━━━ TASK INPUT ━━━

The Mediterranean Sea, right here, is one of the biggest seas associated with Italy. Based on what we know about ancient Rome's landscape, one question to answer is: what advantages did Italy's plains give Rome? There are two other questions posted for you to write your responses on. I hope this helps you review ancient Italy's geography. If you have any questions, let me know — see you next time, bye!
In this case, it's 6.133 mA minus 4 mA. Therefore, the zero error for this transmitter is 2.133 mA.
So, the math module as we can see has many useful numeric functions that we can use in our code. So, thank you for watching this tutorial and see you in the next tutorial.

━━━
━━━ TASK INPUT ━━━

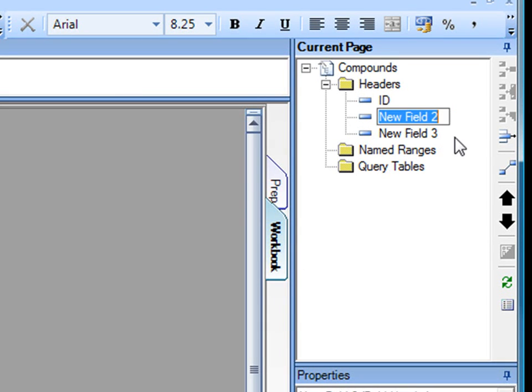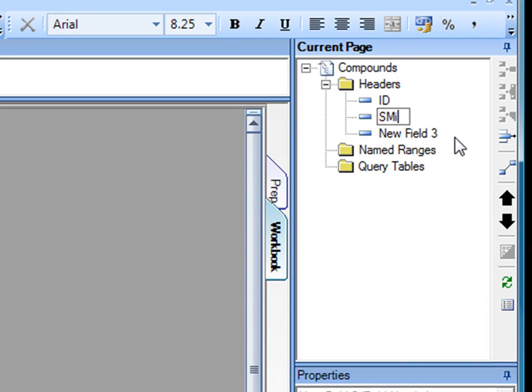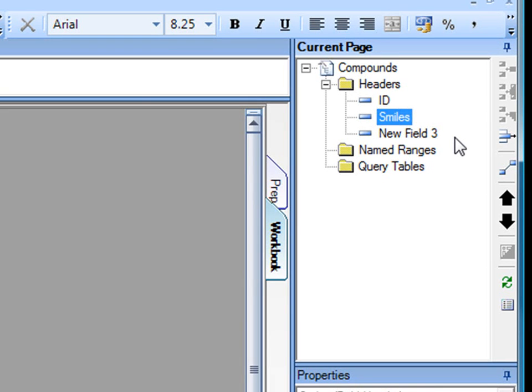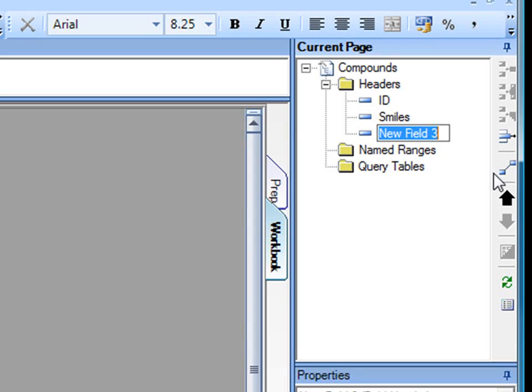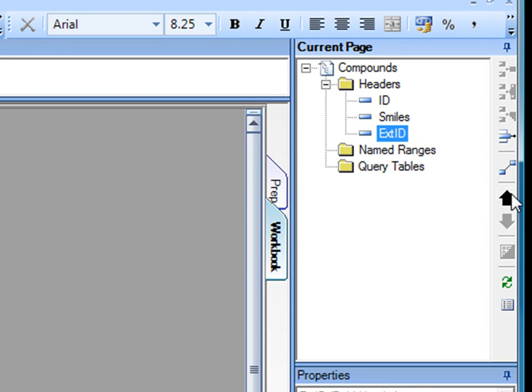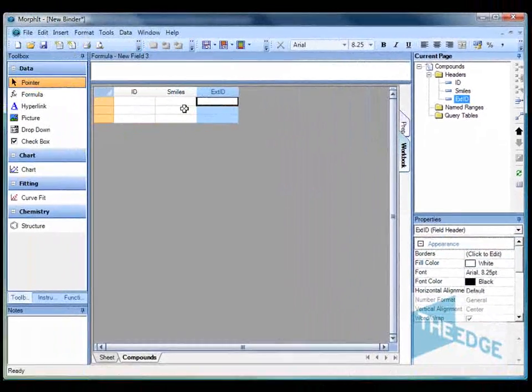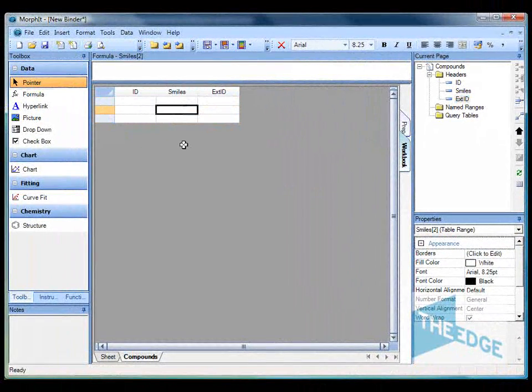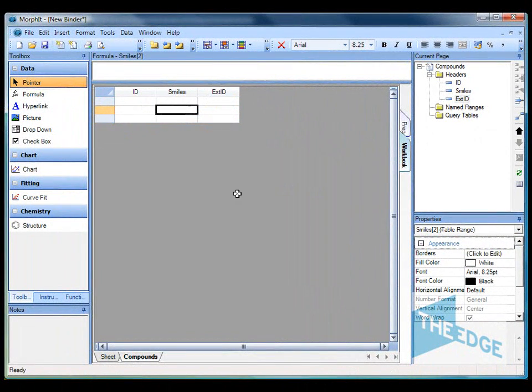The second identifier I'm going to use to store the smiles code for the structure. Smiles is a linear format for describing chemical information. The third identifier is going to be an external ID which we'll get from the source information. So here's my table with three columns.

━━━

▶ [WHAT THIS TASK INVOLVES]:
Output the material above exactly, but only from the line that carries "The Mediterranean Sea, right" through the line that carries "So, the math".

▶ [RESULT]:
The Mediterranean Sea, right here, is one of the biggest seas associated with Italy. Based on what we know about ancient Rome's landscape, one question to answer is: what advantages did Italy's plains give Rome? There are two other questions posted for you to write your responses on. I hope this helps you review ancient Italy's geography. If you have any questions, let me know — see you next time, bye!
In this case, it's 6.133 mA minus 4 mA. Therefore, the zero error for this transmitter is 2.133 mA.
So, the math module as we can see has many useful numeric functions that we can use in our code. So, thank you for watching this tutorial and see you in the next tutorial.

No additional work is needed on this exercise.